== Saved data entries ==
[Start of section]
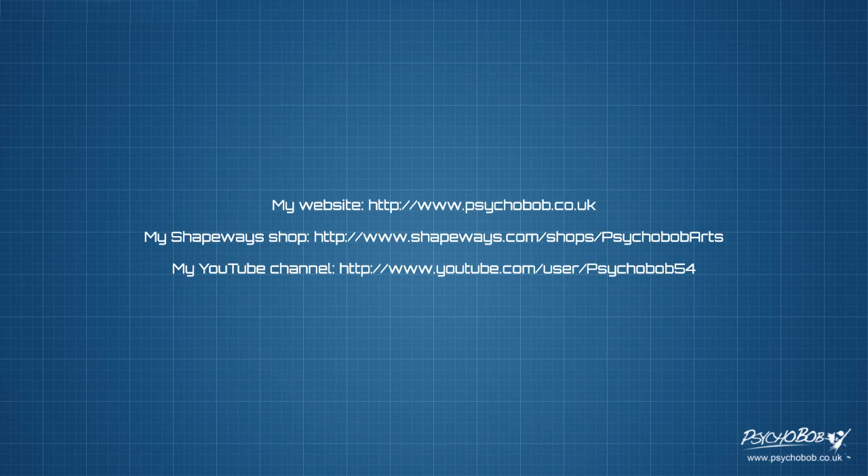Well, that's it for me. I'll leave you with some footage of the finished product. Thanks for watching and don't forget to visit my website for more information and for other projects.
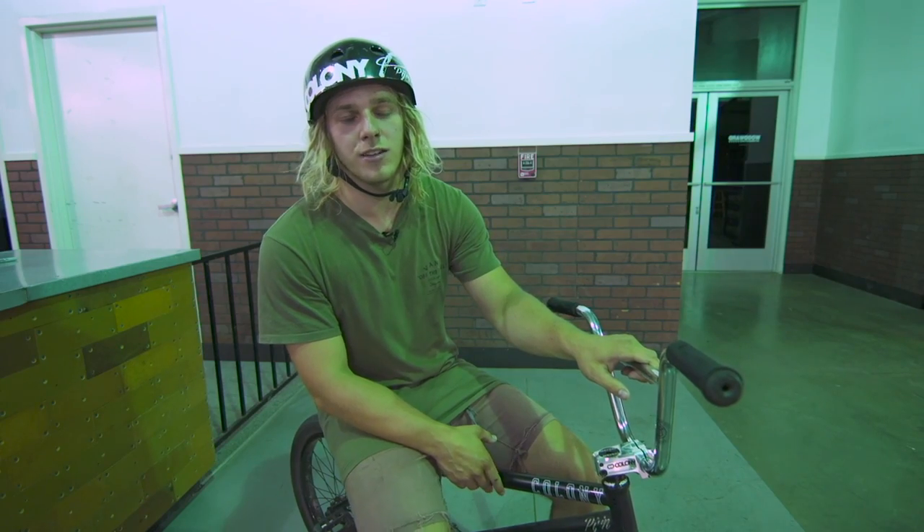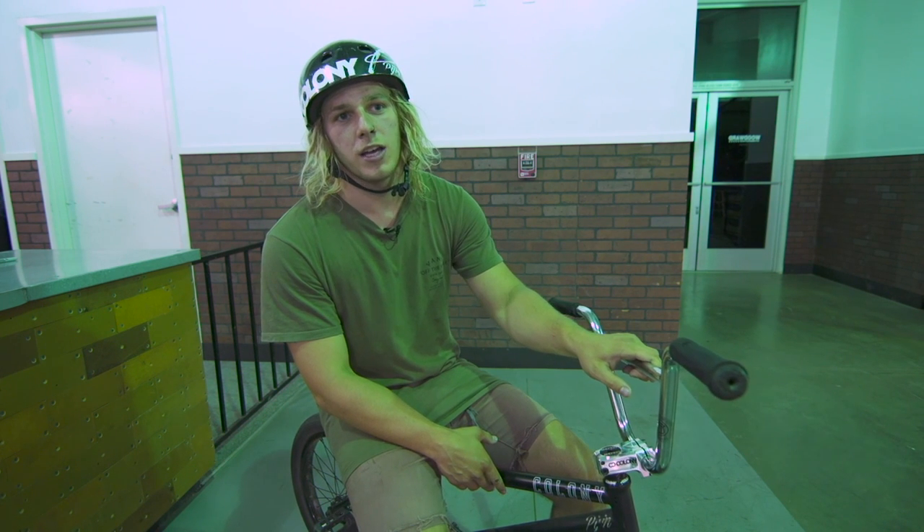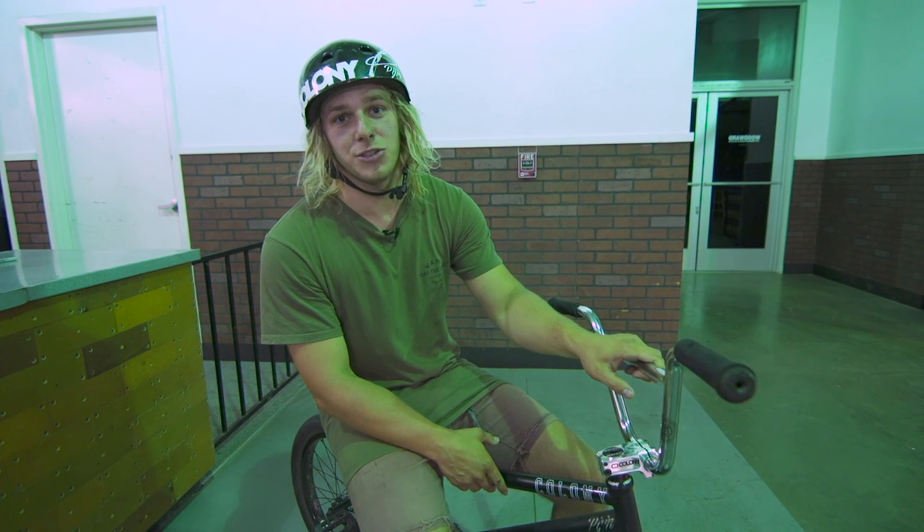Thanks for watching, guys. Remember, it takes a while to get everything perfect. Good luck, and see you next time.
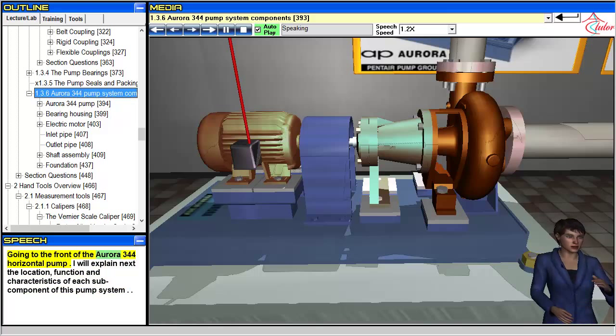Going to the front of the Aurora 344 horizontal pump, I will explain the location, function, and characteristics of each sub-component of this pump system.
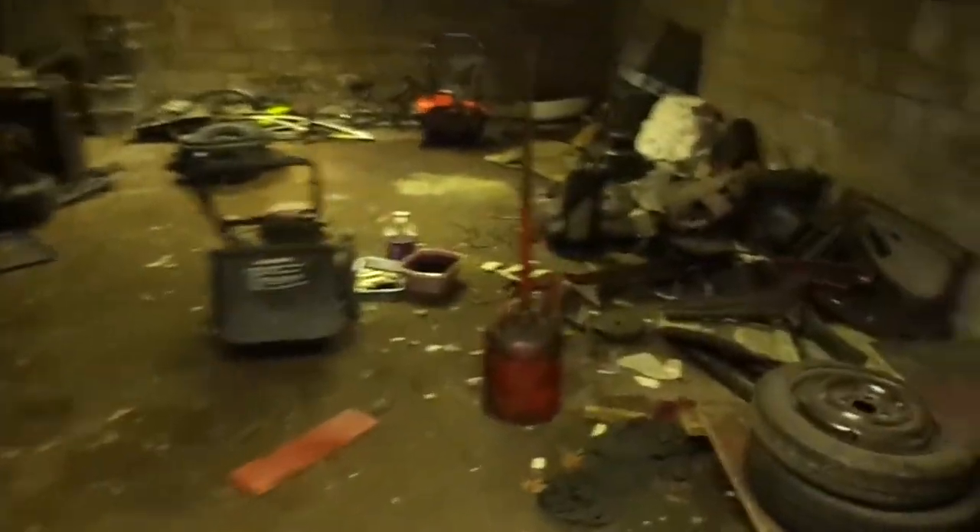If anyone's ever curious how my pit works — come down into here, and there's a big ol' hole in it. Let me show you guys just how bad this hole is.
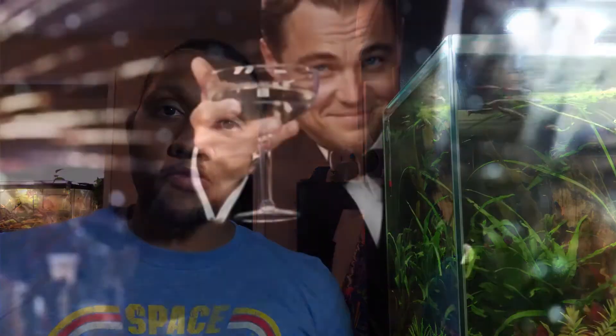Hey there YouTube, this is Anthony bringing you another Wednesday video. Today, before I jump into the tour of all of my tanks, I just wanted to say thank you to all of those who are subscribed to my channel. I recently hit 200 subscribers this weekend and for me that's kind of a big deal.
[End of section]
== Your task ==
Copy exactly the lines of the entries above from the one containing "Thanks for watching, guys." through the one containing "Going to the". Both end lines count; pictures do not.

== Answer section ==
Thanks for watching, guys. Remember, it takes a while to get everything perfect. Good luck, and see you next time.
Going to the front of the Aurora 344 horizontal pump, I will explain the location, function, and characteristics of each sub-component of this pump system.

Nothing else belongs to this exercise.